Record extracts below:

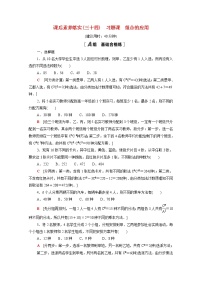 高中数学北师大版 (2019)选择性必修 第一册第五章 计数原理3 组合问题3.1 组合巩固练习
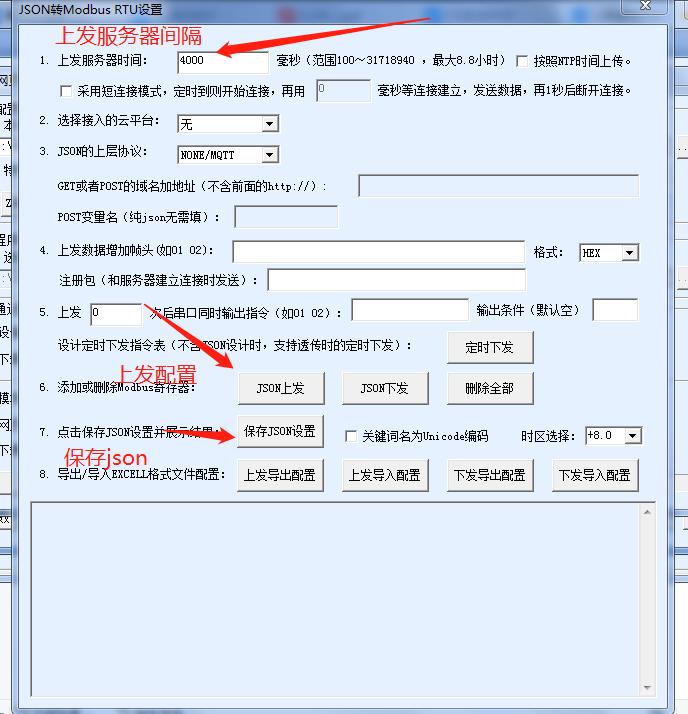 MQTT網(wǎng)關(guān)
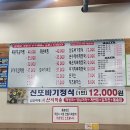 사거리감자탕 이미지
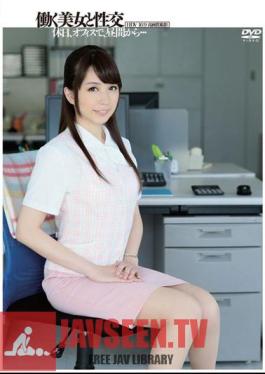 Mosaic UFD-055 ความงามและการมีเพศสัมพันธ์ Sakuragi Yuki Sound Work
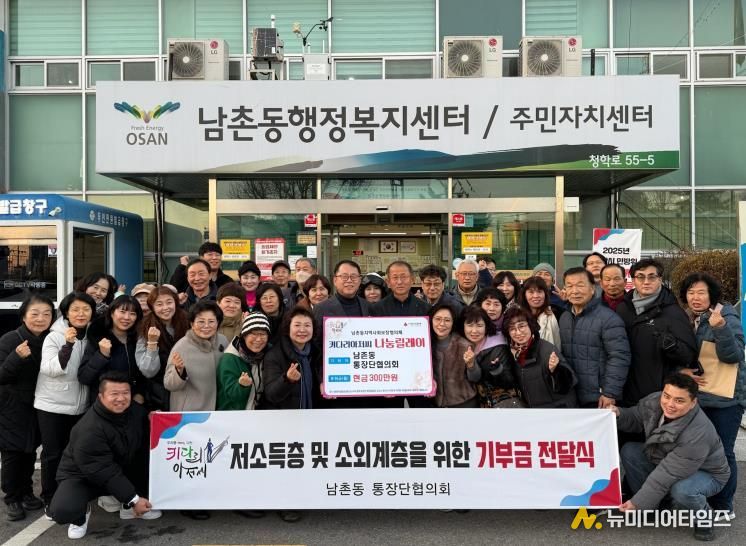 오산시 남촌동 통장협의회, 저소득층 지원 위해 성금 300만 원 기탁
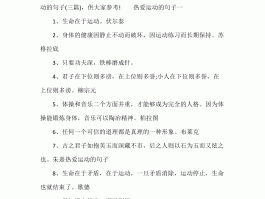 祝旅行愉快的英语句子说说心情(祝旅行愉快的英语句子说说心情短句)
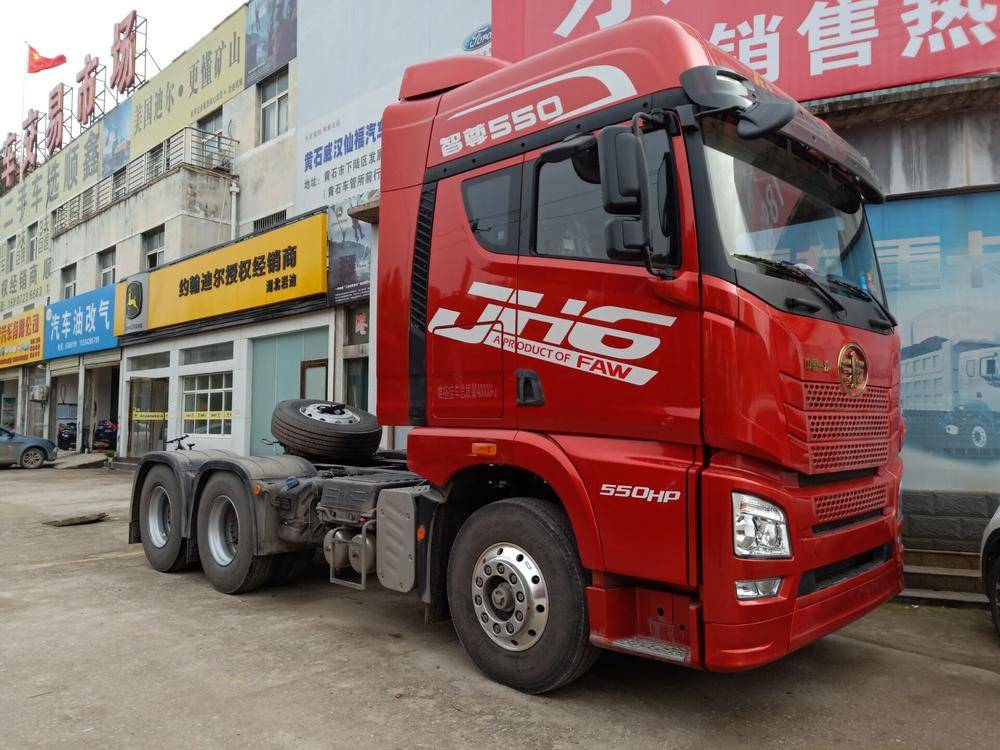 ��ʯ���������������޹�˾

End of Record extracts.

▶ _The problem_
Without the pictures, return each entry exactly as given.

▶ _Response to the task_
 高中数学北师大版 (2019)选择性必修 第一册第五章 计数原理3 组合问题3.1 组合巩固练习
 MQTT網(wǎng)關(guān)
 사거리감자탕 이미지
 Mosaic UFD-055 ความงามและการมีเพศสัมพันธ์ Sakuragi Yuki Sound Work
 오산시 남촌동 통장협의회, 저소득층 지원 위해 성금 300만 원 기탁
 祝旅行愉快的英语句子说说心情(祝旅行愉快的英语句子说说心情短句)
 ��ʯ���������������޹�˾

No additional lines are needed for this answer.